INSTRUCTIONS TO FOLLOW: Your reply should consist only of the lines from the one with "Northern Cheyenne Morning" through the end of the entries, transcribed exactly. Pictures stay out.
Segment Open
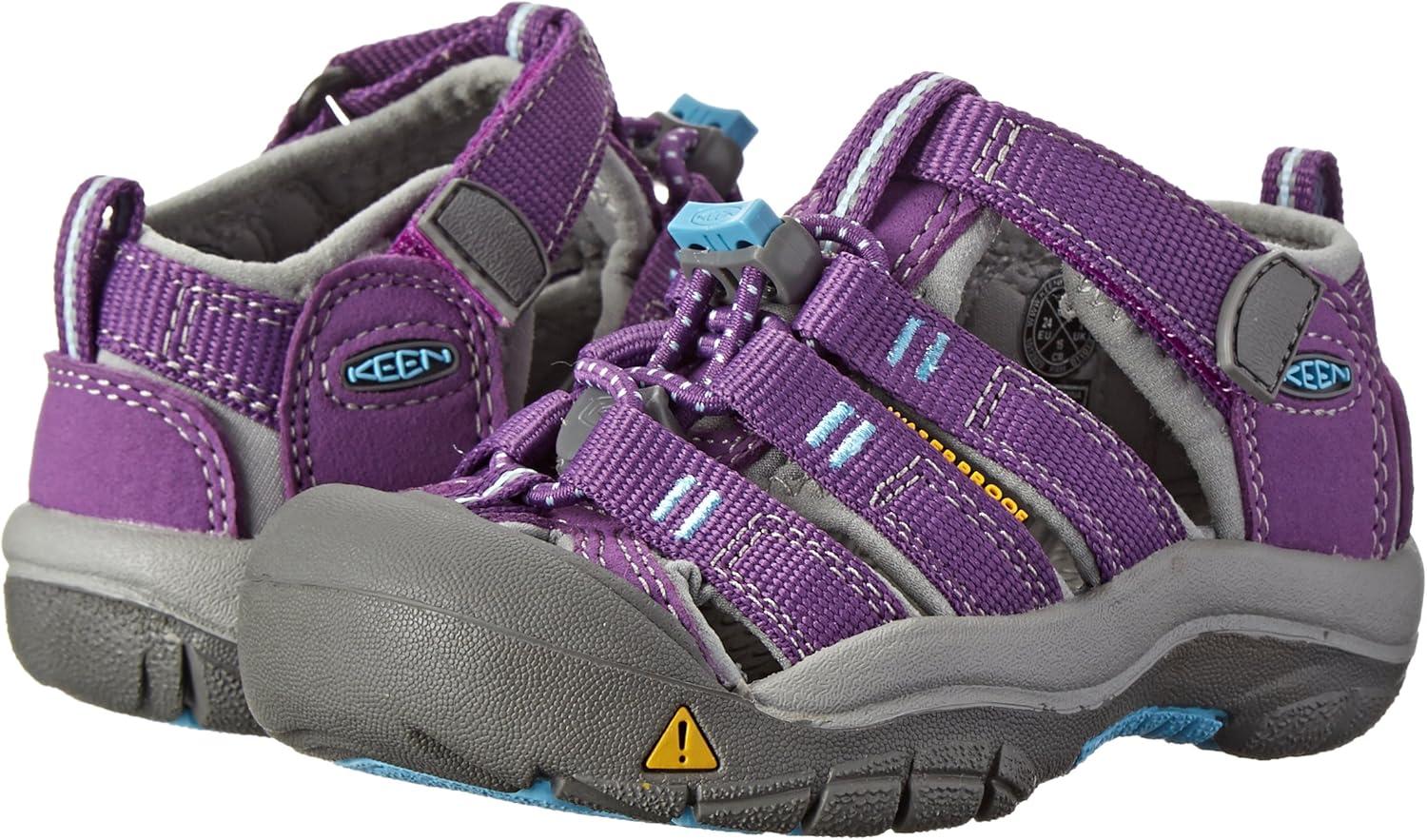 imageKEEN UnisexChild Newport H2 Closed Toe Water SandalsPurple MagicBlue Grotto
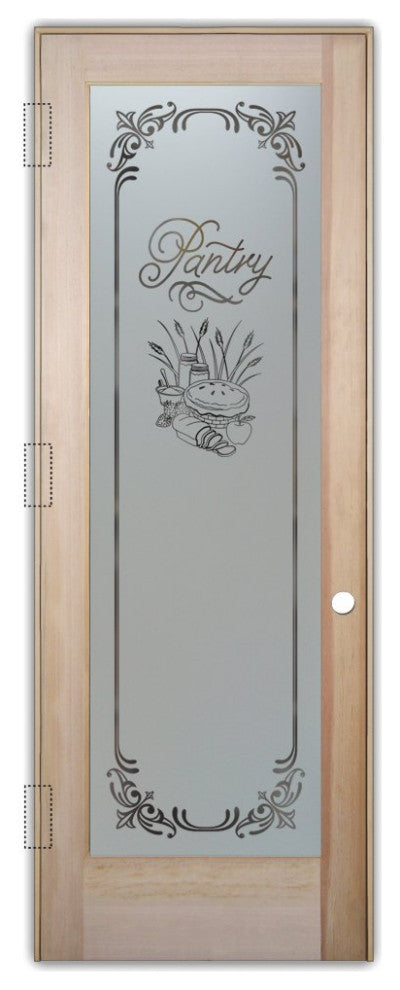 Pantry Door - Apple Pie  - Douglas Fir (stain grade) - 30" x 80" - Knob on...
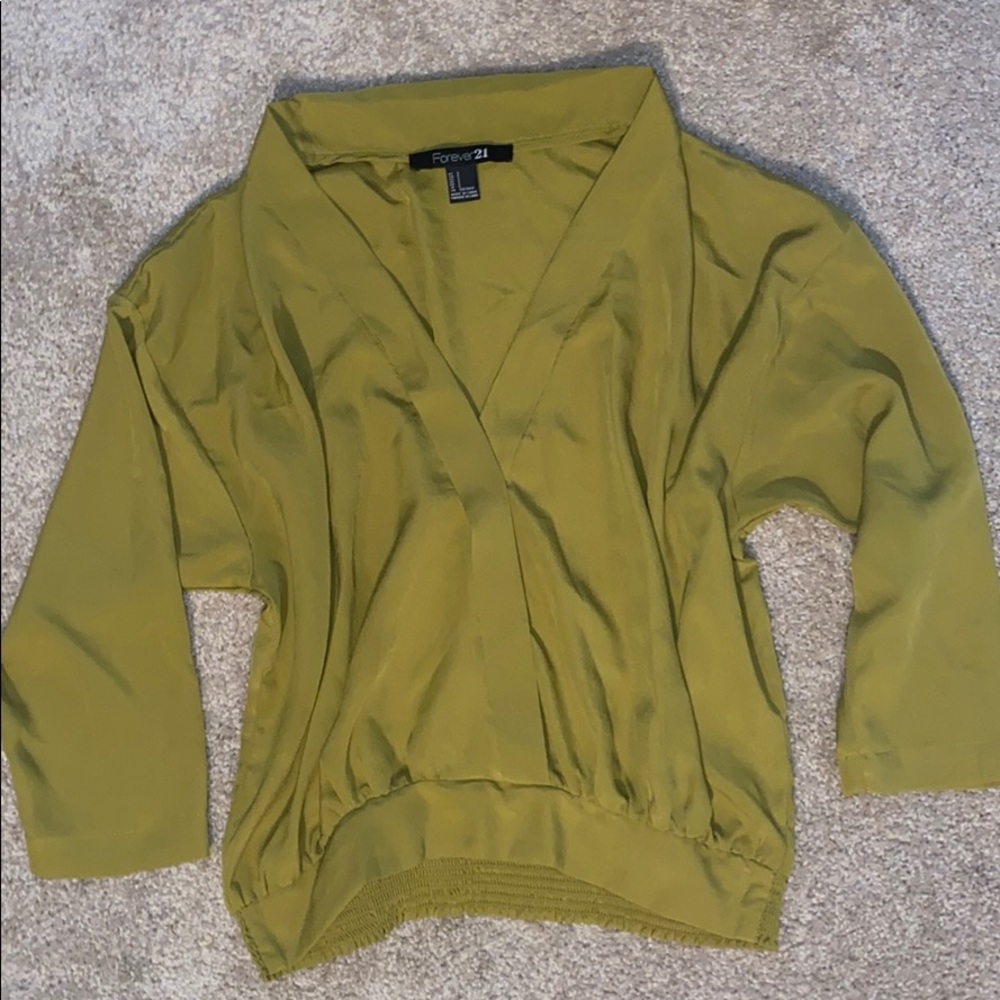 Olive F21 Top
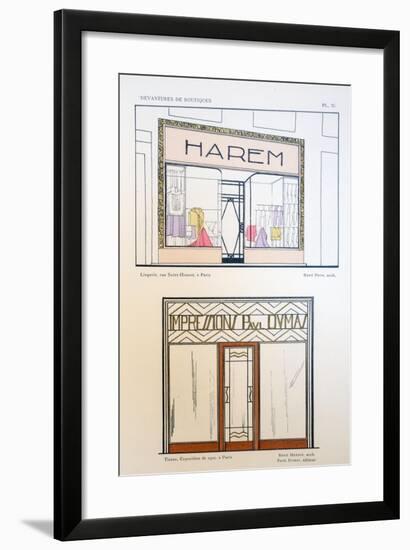 Shop Fronts-null-Framed Giclee Print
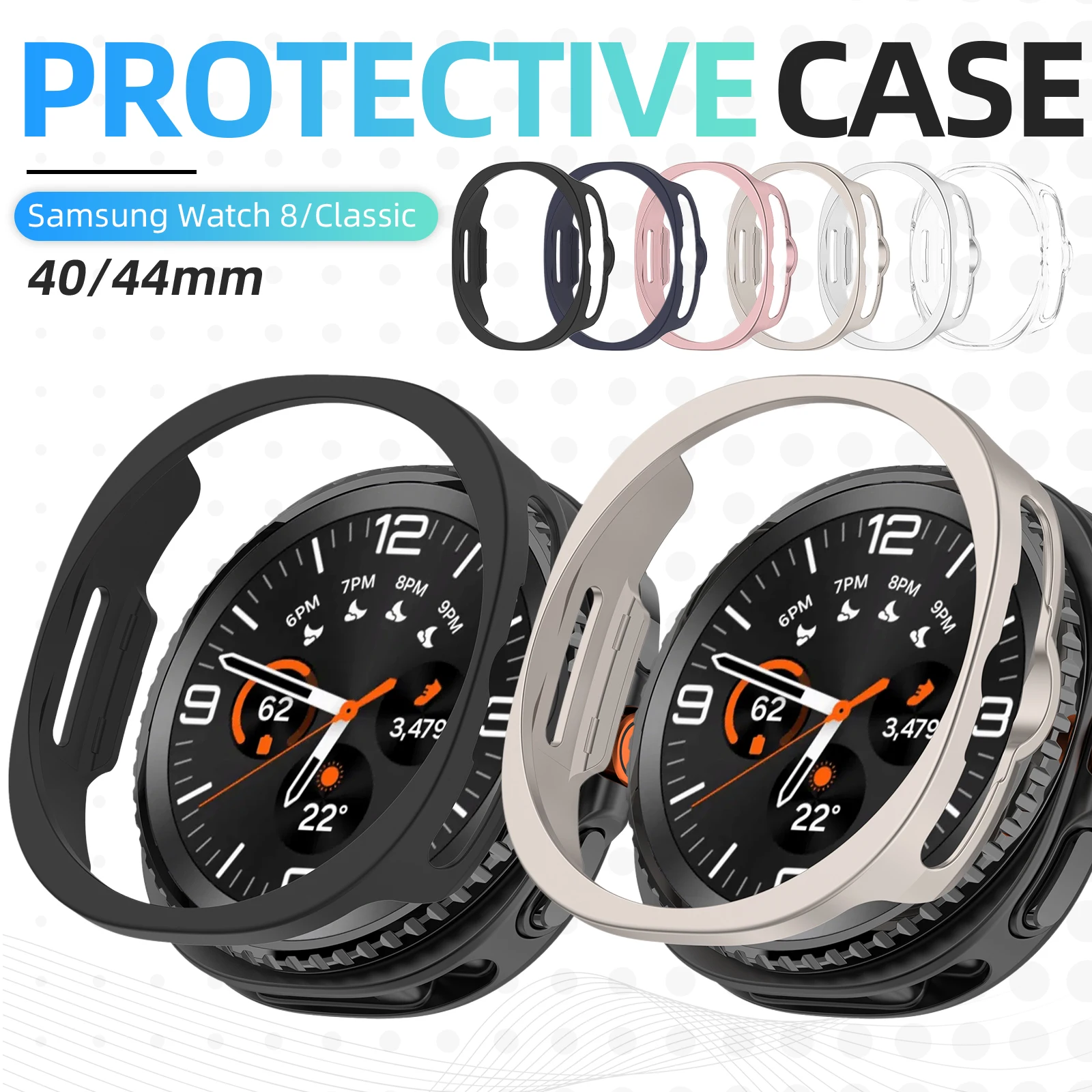 PC Hard Case For Samsung Galaxy watch 8 40mm 44mm Matte Cover Protective For Galaxy Watch 8 Classic Hollow Out Shell Accessories
PC Hard Case For Samsung Galaxy watch 8 40mm 44mm Matte Cover Protective For Galaxy Watch 8 Classic Hollow Out Shell Accessories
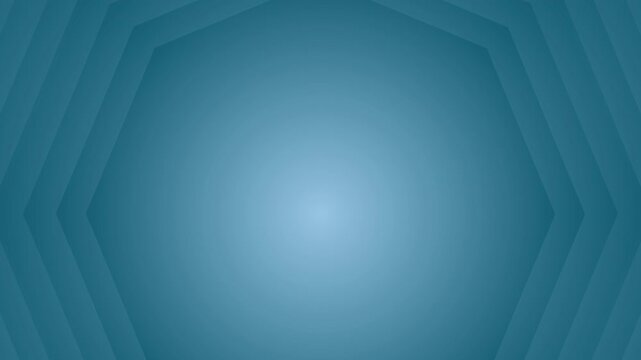 corporate teal blue octagonal frame borders tunnel formed of dark red textured layers rotating & spinning in opposite directions 4K animation with copy space for titles or graphics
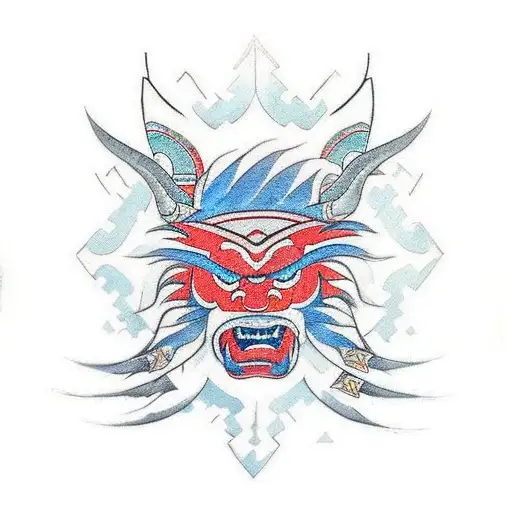 Northern Cheyenne Morning star tattoo design idea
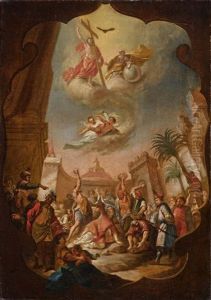 Steinigung Und Himmelsvision Des Heiligen Stephanus Steinigung Und Himmelsvision Des Heiligen Stephanus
Segment Closed
REPLY:
 Northern Cheyenne Morning star tattoo design idea
 Steinigung Und Himmelsvision Des Heiligen Stephanus Steinigung Und Himmelsvision Des Heiligen Stephanus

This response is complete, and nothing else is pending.